Все человечество читало бы стихи и ликовало, и больше ему ничего не было бы
нужно. Но в радость человеку только то, над чем он хорошенько потрудился, --
так уж он устроен. Чтобы насладиться поэзией, нужно дотянуться до нее и ее
преодолеть. Доступные стихи быстро изнашиваются сердцем, так же быстро, как
открывшийся с вершины пейзаж. Усталость и желание отдохнуть придали ему
столько прелести, но вот ты отдохнул, тебе хочется идти дальше, и ты зевнул,
глядя на пейзаж, которому больше нечего тебе предложить. Чужие стихи -- тоже
плод твоих усилий, твое внутреннее восхождение. Запасы радуют обывателя, но
обыватель -- недочеловек. Нет любви про запас, которую можно было бы тратить
себе и тратить, любовь -- труд сердца. Меня не удивляет, что так много людей
не находят царства в царстве, храма -- в храме, поэзии в стихах и музыки в
музыке. Они расселись, как в театре, и говорят: "Вокруг -- сплошной хаос. Он
недостоин того, чтобы служить ему и подчиняться". Они верят в свой здравый
смысл, они скептики и насмешники, но издевка в помощь бездельнику -- не
человеку. Любовь не подарок от прелестного личика, безмятежность не подарок
от прелестного пейзажа, любовь -- итог преодоленной тобой высоты. Ты
превозмог гору и живешь теперь в небесах.
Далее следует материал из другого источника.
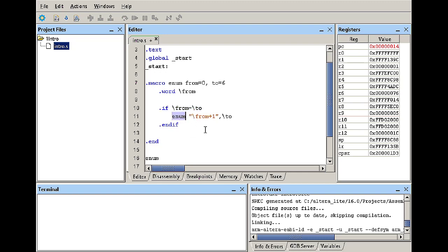So it's going to call itself again and in this case it's going to go from two to six and then three to six and then four to six, five to six and then eventually six to six, that's when it will not call itself anymore. In the meantime every time it gets called it's declaring a value in memory using the word directive to store that value using four bytes in memory.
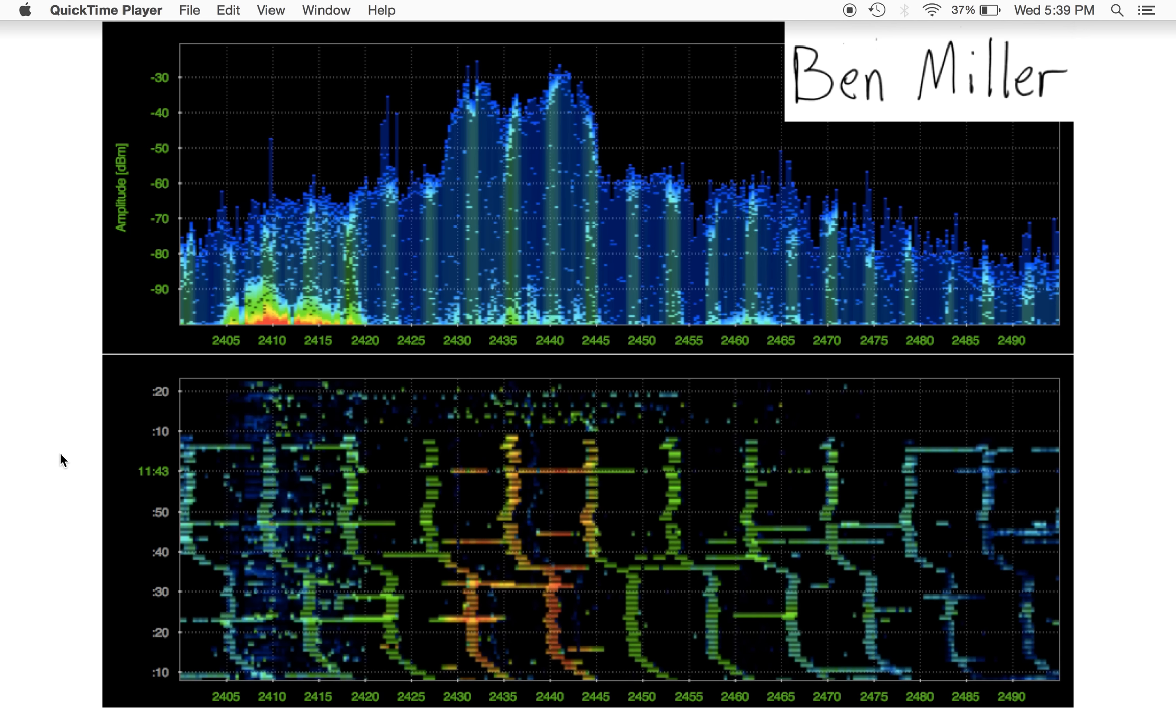Hello everybody, this is Ben Miller with a quick video on how to get RSSI on the iPhone.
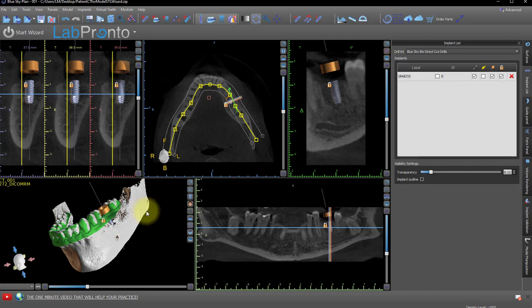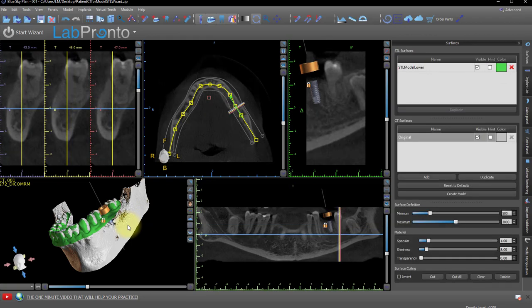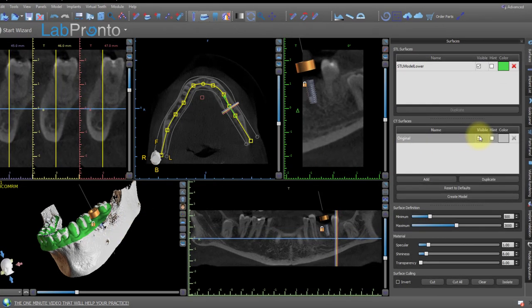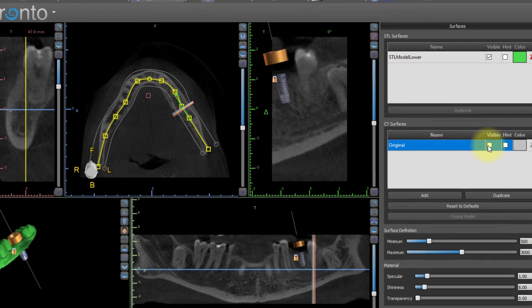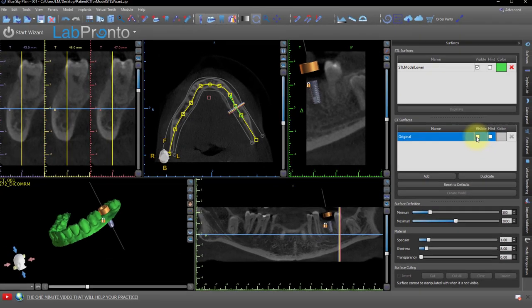Open up the Surfaces panel. You can do that as a shortcut by double-clicking on the bone in the 3D panel. What we can do is just hide the CT scan in the 3D by unchecking the CT Surface Visibility checkbox in the Surfaces panel.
Любовь -- то же восхождение. Не думай, что достаточно знать о любви,
чтобы ее узнать. Обманывается тот, кто, блуждая по жизни, мечтает сдаться в
плен; краткие вспышки страсти научили его любить волнение сердца, он ищет
великую страсть, которая зажжет его на всю жизнь. Но скуден его дух, мал
пригорок, на который он взбирается, жалка победа, так откуда взяться великой
страсти?
Если не изменяться день ото дня, словно в материнстве, не догнать
любви. А ты хочешь усесться в гондолу и всю жизнь звучать песней -- ты не
прав. Вне пути и восхождения ничего не существует. Стоит остановиться, как
тебя одолевает скука, потому что пейзажу больше нечего тебе рассказать, и
тогда ты бросаешь женщину, хотя надо было бы выбросить тебя.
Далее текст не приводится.